Start of Input data

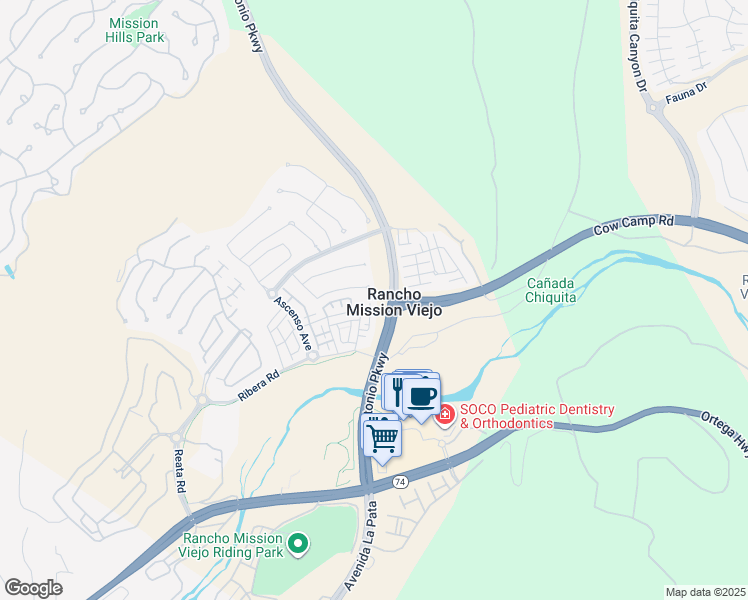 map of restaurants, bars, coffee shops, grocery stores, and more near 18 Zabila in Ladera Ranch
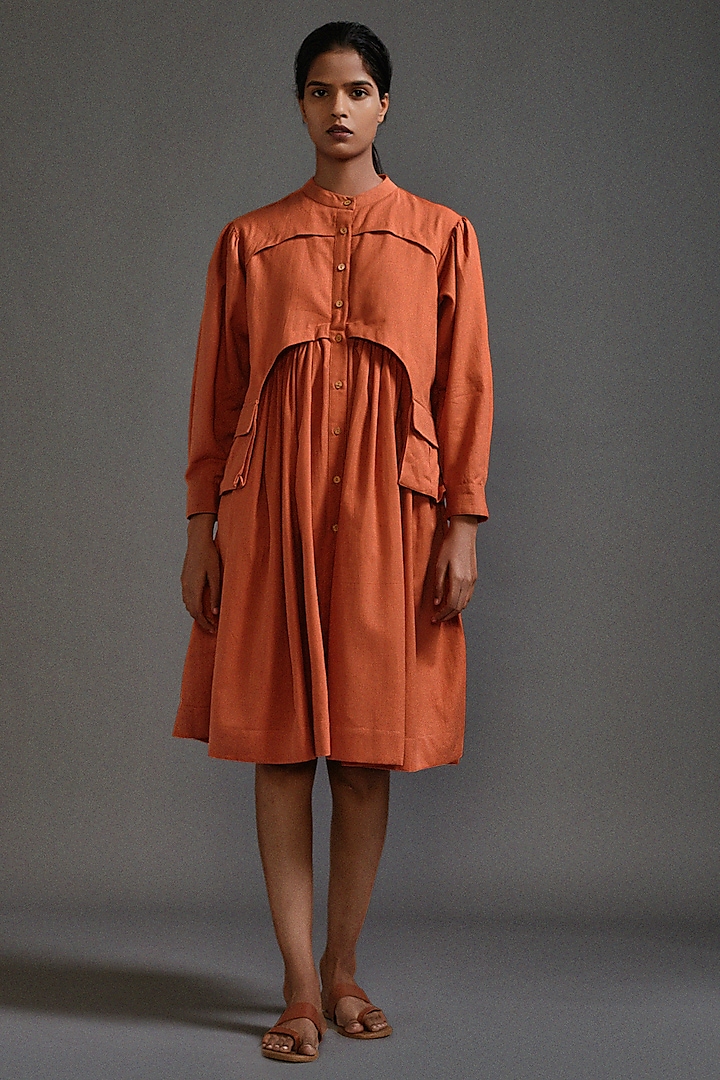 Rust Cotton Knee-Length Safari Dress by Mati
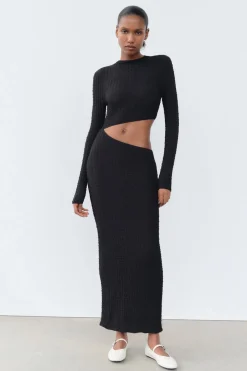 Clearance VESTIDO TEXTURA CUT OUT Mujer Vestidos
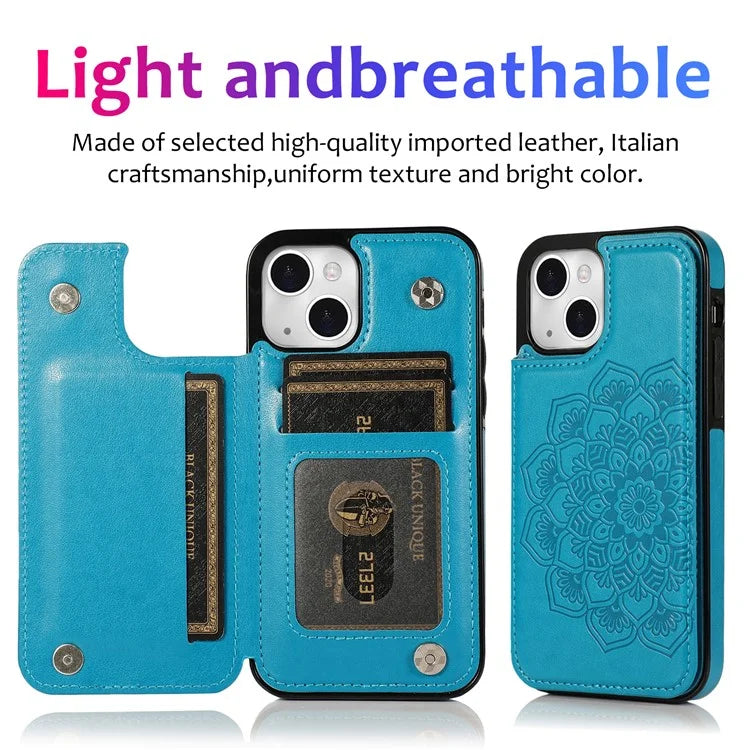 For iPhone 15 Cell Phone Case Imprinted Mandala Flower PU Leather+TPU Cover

End of Input data

Problem details:
The required output is an exact copy of the lines from the one with "Clearance VESTIDO TEXTURA" through the final line of the data above, with pictures removed.

Task result:
 Clearance VESTIDO TEXTURA CUT OUT Mujer Vestidos
 For iPhone 15 Cell Phone Case Imprinted Mandala Flower PU Leather+TPU Cover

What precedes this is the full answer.